The Person Your Dog Thinks You Are
I was picking through the slightly imperfect sock bin at the Outdoor Gear Exchange in Burlington recently when I noticed the t-shirt on the person next to me. It featured bold black lettering and a shaggy-haired dog sitting with its head cocked at an angle that suggested it was trying very hard to listen.
“Be the person your dog thinks you are,” the shirt said.
It’s a favorite motto of mine— because it’s the most accurate and concise observation I’ve found on how our pets see us and how much they can shape our lives if we allow them.
A poet friend of mine wrote that to miss someone or something is to experience a haunting—a clear presence in spite of an obvious absence.
Though it has been three months since our Labrador Retriever, Winnie, passed away, my parents’ house in Marlboro is still strewn with half-chewed toys, water and food bowls, and towels for wiping muddy paws. I doubt they’ll ever get nearly 15 years worth of dog hair fully out of their sweaters or her favorite rugs. I still carry one of her vaccine tags in my wallet; the metal disk has left a heart-shaped imprint in the leather. Winnie is still very much here.
It’s easy for those details and memories to overwhelm me. That happens, from time to time, but the feeling always passes when I consider that Winnie left behind much more than a collection of stuffed animals, a collar and a leash.
Rewind the clock to when I was 10 years old with wild red hair and a freckled, sunburned face, walking on the side of the road, followed behind by a wriggling puppy, tripping over its own oversized paws. When she got too tired, I picked her up and carried her under an arm. This tiny thing would incur terrific amounts of destruction and frustration but she was mine to protect. The responsibility filled me with awe and made my chest swell with pride.
On those early walks, I learned patience and how to shepherd this small life as it sniffed and plodded its way down the road with me. Besides, when she gained weight and grew into those paws, it was my turn to try to keep up.
In her later years, Winnie’s walks could last all afternoon. Endlessly stubborn, she always wanted to keep going, putting her head down and marching even when her aging body must have been screaming to stop. The toll of the years was plainly visible: she developed cysts on her legs and under her stomach that impeded her walking. The pain medicines damaged her liver and she became a fussy eater. “It’s a case of too many birthdays,” her vet quipped.
On one of our last walks in early winter, her hips gave out and she collapsed on the pavement. Her eyes went wide in panic, looking back at her legs splayed awkwardly and then at me. Darkness was falling and the temperature was near freezing. I had carried her home as a puppy and 15 years later, I carried her again, held to my chest in both arms. We were coming full-circle.
We began making dilatory outings to a field behind the house. I’d bring a mug of tea or a beer and wander alongside her while she explored. There was never any rush and we didn’t need a leash. It was her time to go at her own pace and simply be a dog. When she pointed her nose at the house, we’d start our slow journey home.

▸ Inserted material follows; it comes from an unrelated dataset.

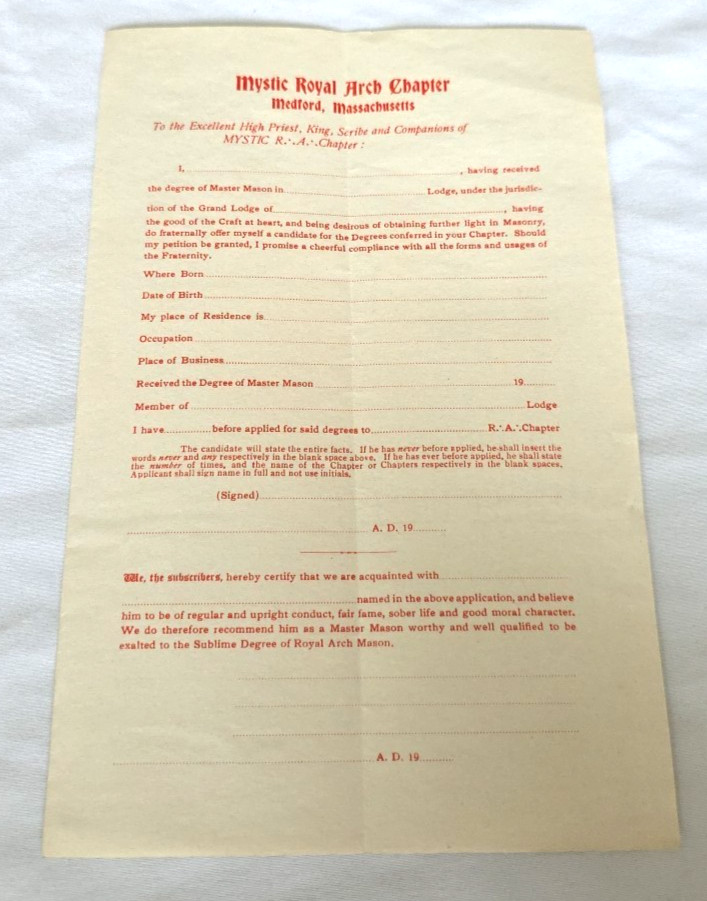 C.1920s Mystic Royal Arch Chapter Free Mason Medford, MA Application Form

The day she died, I drove home to be with my family. We spent the afternoon taking turns laughing at memories of messes made and crying over our shared heartache. I was a mess, awash in the awareness of how much time had passed in our years together and how profoundly changed I was.
The reasons for adopting are many and the expectations we put on our dogs can be just as varied; we require them to assist, hunt, work, protect and serve, but whether or not we realize it, the relationship is always a two-way street. Winnie required me to take on nobler qualities; to be loyal, compassionate, gentle, brave, considerate and merciful. She kept me on the straight-and-narrow and as long as I did my best to live up to her expectations of me, then I was doing well enough.
But that first afternoon without her, my wheels were spinning. With so much love put into my life, I needed to find a place to put it now. The solution, I decided, was to put it everywhere; apply it to every new relationship, every adventure and every project as unconditionally as it was put into mine.
Since Winnie’s passing, my parents have confronted the uncomfortable questions of if and when they should get another dog. My mother misses Winnie, giving her the mostly empty yogurt container and having her curled under the desk, keeping her toes warm while she worked.
My father and I miss something deeper.
“It’s not just that I miss Winnie,” he said. “It’s that I miss the person your dog requires you to be.”
And this brings me back to that t-shirt. Imagine a world where everyone lived up to that.